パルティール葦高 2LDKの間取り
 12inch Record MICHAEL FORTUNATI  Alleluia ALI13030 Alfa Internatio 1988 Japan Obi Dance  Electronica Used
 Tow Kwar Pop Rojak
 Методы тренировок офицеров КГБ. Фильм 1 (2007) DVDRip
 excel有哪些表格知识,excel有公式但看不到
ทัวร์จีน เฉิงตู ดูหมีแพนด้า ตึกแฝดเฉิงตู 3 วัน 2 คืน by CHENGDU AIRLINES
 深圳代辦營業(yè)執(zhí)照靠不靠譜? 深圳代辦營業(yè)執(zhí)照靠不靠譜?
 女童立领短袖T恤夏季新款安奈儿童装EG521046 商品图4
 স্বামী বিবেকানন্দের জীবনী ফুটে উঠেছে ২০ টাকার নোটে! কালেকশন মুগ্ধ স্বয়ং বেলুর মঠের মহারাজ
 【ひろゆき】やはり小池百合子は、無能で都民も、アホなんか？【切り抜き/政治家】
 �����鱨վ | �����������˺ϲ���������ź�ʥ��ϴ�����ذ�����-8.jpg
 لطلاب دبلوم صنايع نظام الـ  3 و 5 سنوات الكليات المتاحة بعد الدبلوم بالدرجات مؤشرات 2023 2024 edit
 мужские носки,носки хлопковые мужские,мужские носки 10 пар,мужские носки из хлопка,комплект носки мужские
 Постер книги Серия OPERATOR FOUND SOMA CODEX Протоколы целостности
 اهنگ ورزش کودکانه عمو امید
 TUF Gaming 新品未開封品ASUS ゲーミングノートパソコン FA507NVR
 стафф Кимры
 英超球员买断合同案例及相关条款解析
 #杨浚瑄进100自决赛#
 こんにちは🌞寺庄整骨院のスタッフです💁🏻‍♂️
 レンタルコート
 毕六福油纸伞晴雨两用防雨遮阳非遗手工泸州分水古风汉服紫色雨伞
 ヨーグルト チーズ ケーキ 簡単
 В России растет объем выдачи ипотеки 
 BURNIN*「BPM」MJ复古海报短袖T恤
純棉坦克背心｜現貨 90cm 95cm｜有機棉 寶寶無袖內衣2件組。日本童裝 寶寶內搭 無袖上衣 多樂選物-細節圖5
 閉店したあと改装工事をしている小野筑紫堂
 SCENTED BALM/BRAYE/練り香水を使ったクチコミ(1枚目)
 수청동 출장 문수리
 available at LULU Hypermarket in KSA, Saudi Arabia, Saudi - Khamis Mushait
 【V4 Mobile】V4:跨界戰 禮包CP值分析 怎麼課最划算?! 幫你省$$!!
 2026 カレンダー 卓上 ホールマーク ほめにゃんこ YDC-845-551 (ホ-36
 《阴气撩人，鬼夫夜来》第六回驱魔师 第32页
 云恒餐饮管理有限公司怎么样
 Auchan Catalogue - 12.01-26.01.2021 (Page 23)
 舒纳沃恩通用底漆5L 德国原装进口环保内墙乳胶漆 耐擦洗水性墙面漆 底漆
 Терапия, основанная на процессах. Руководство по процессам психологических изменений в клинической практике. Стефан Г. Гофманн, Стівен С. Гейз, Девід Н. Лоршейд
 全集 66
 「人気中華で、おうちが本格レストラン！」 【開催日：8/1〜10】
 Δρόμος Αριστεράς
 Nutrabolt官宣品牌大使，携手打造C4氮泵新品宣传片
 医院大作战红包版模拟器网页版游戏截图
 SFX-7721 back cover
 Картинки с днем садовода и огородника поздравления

——

## Work task
Lines from the one with "Auchan Catalogue - 12.01-26.01.2021" through the end of the data: set these down exactly, including both ends and nothing more.

## Response to this task
 Auchan Catalogue - 12.01-26.01.2021 (Page 23)
 舒纳沃恩通用底漆5L 德国原装进口环保内墙乳胶漆 耐擦洗水性墙面漆 底漆
 Терапия, основанная на процессах. Руководство по процессам психологических изменений в клинической практике. Стефан Г. Гофманн, Стівен С. Гейз, Девід Н. Лоршейд
 全集 66
 「人気中華で、おうちが本格レストラン！」 【開催日：8/1〜10】
 Δρόμος Αριστεράς
 Nutrabolt官宣品牌大使，携手打造C4氮泵新品宣传片
 医院大作战红包版模拟器网页版游戏截图
 SFX-7721 back cover
 Картинки с днем садовода и огородника поздравления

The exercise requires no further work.